The meals were pretty good too. For lunch I ordered a salad and a bacon avocado burger. For dinner I selected a chicken breast wrapped in a pastry shell with some kind of creamy mushroom sauce atop it all, asparagus on the side. Very tasty! Seating is communal so you meet a lot of different people. At breakfast I sat across from a well-dressed couple from Florida who had visited Denali National Park (where I work) this past summer. The man was a retired postal employee from a small town in Illinois and had never been to California. Further conversation revealed he’d not been to many places outside of Florida and Illinois and was not overly enthusiastic about the prospect of going anywhere else. When his wife brought up the possibility of going to Hawaii this winter, he opined why go all the way over there when Florida had plenty of tropics right at home? By comparison, his wife was the real go-getter. She especially enjoyed train travel and had ridden almost as many trains as I had. I hope her husband finds a way to enjoy Hawaii and the rest of the world because for sure she’s not going to let him sit around in Florida for the rest of his retirement.
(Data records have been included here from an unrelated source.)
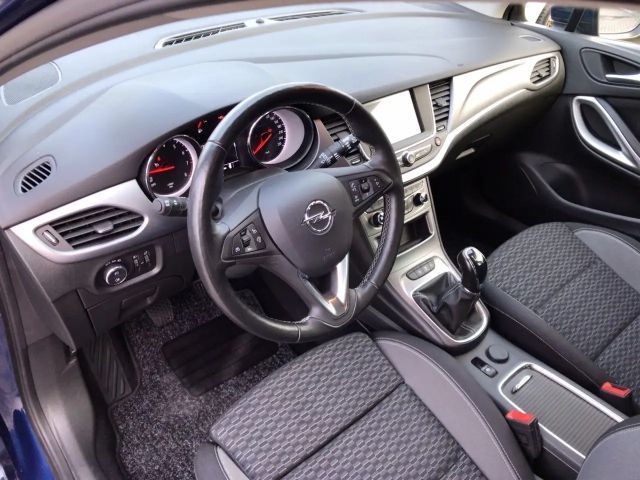 Opel Astra 1.2 Turbo Edition Turbo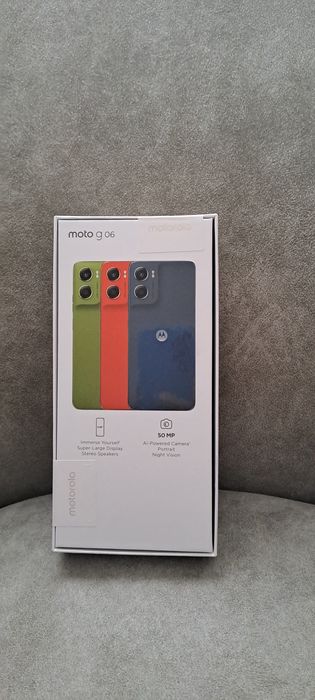 Vând telefon nou Motorola
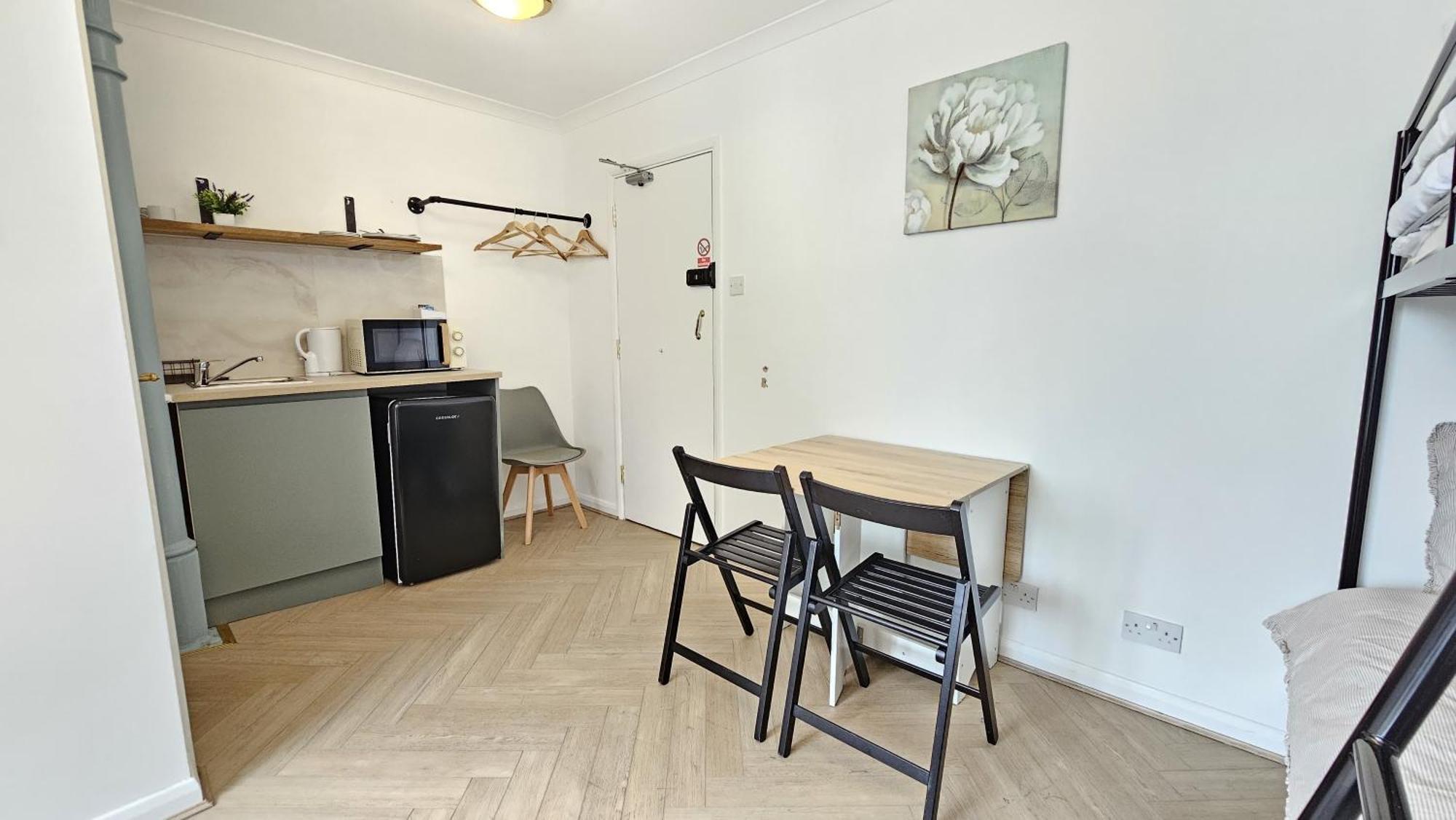 Newly Renovated Studios & Ensuite Rooms! - Camberwell ロンドン エクステリア 写真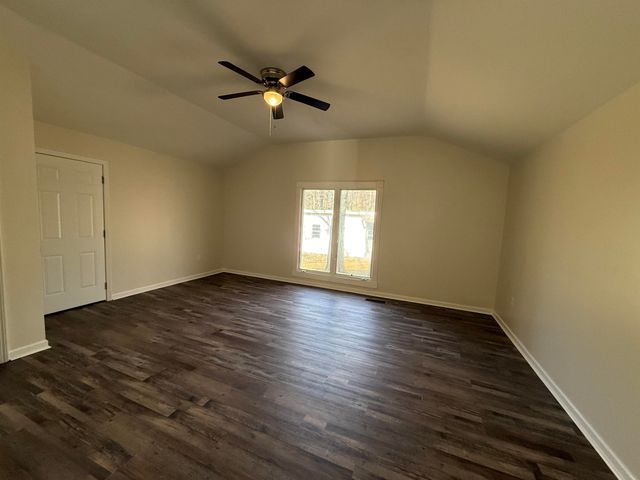 126 ROLLING OAKS DR, Somerville, TN 38068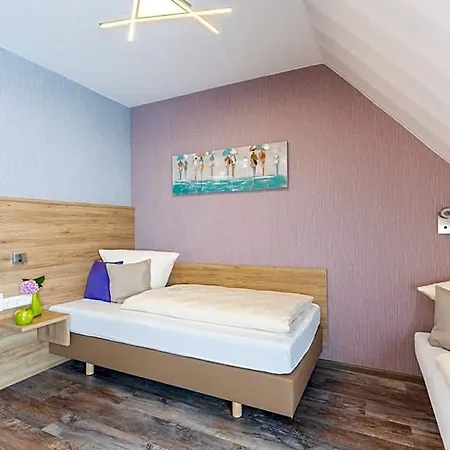 Reinhardtshof Garni Hotel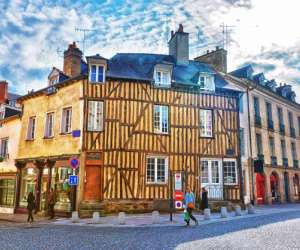 photo Foxie  - jeux de piste dans les villes Tours 7035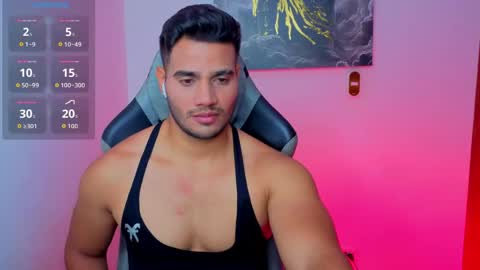 Snapshot of andresfiit chatting on 05-28-26, 01:41 Andres online show from 05-28-26, 01:41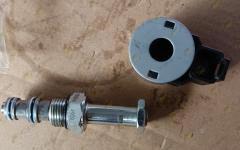 Электромагнитный клапан с золотником (М3) стоит сверху HSV08-31-S-00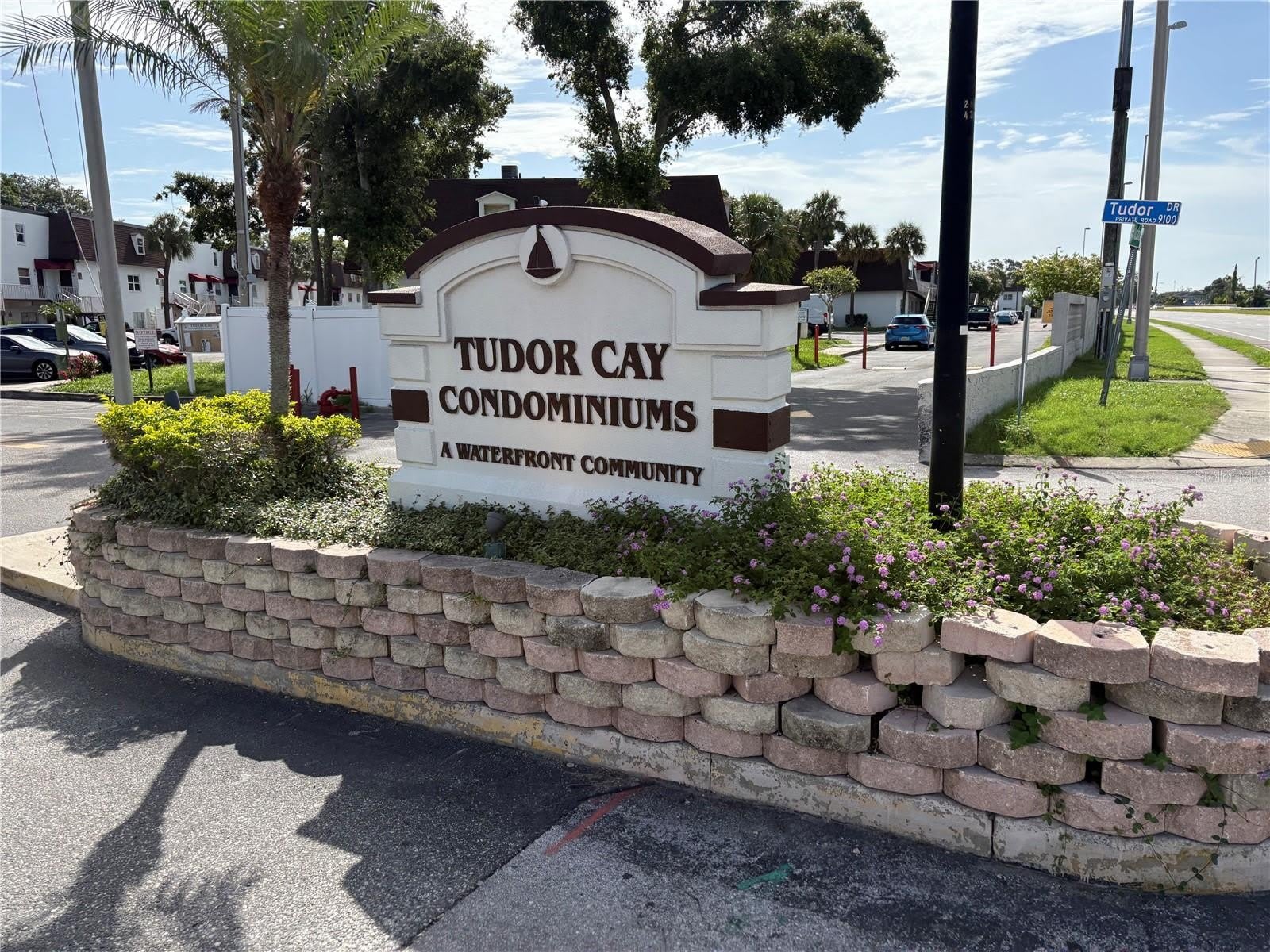 9218 TUDOR Drive – photo 1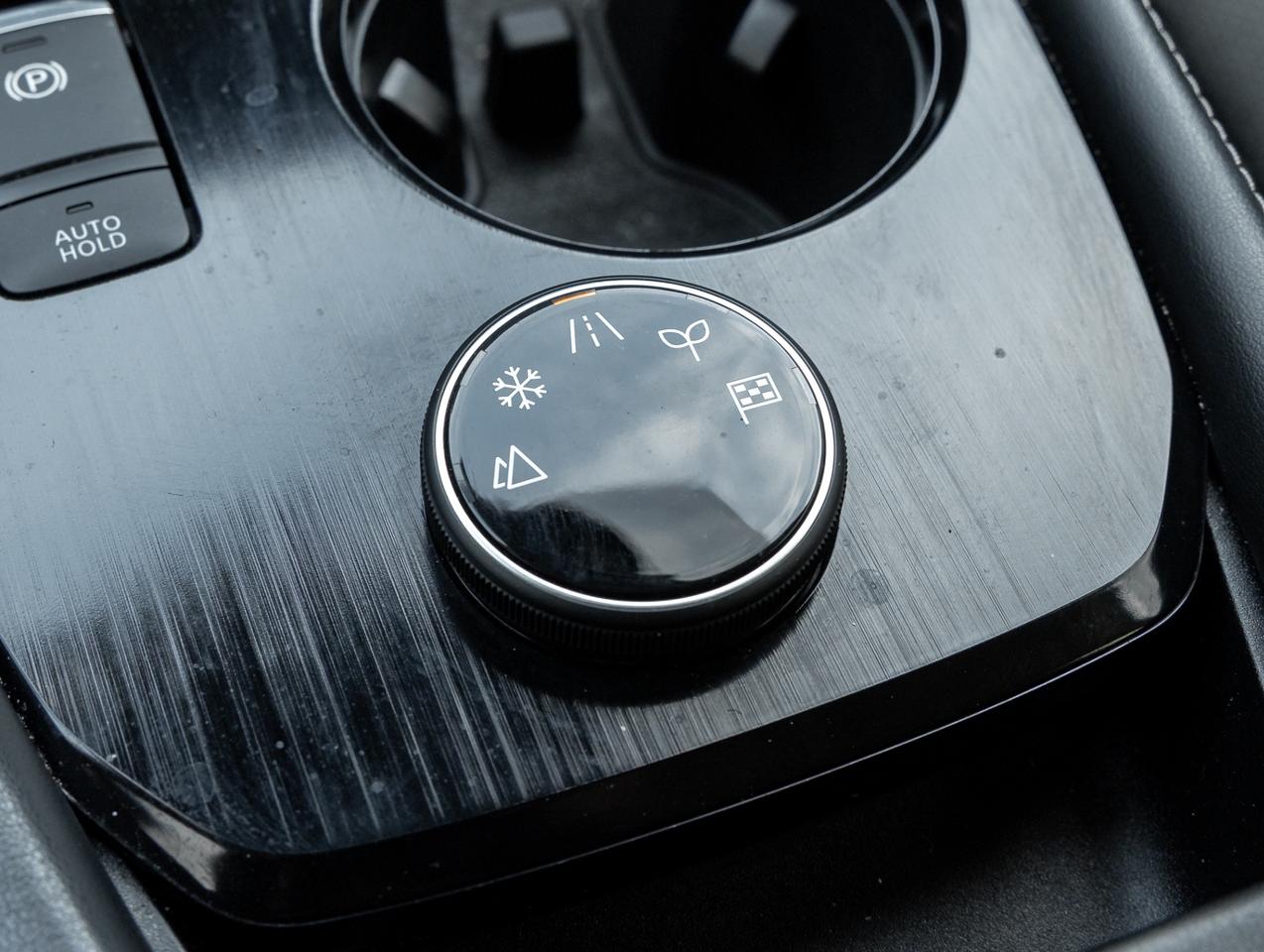 2023 Nissan Rogue AWD Platinum, Nav, Camera, Leather, Sunroof Photo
Across from me sat a kinda geeky looking guy in a Metallica T-shirt, black plastic glasses and a somewhat casual approach to grooming. His oatmeal had arrived by the time we were sat and as he waited for his sugar and raisins he held his fork and spoon in clenched fists on either side of his bowl. I thought at first he might be kidding but he kept a firm grip on that silverware until his condiments arrived. He didn’t have a lot to say initially but later let on that he worked for ITT as an engineer working on satellites. In the course of his employment with ITT, he’d been sent to some interesting places ~ Thule, Greenland; a couple of remote stations in Alaska and various bases all over America. He was also a railfan.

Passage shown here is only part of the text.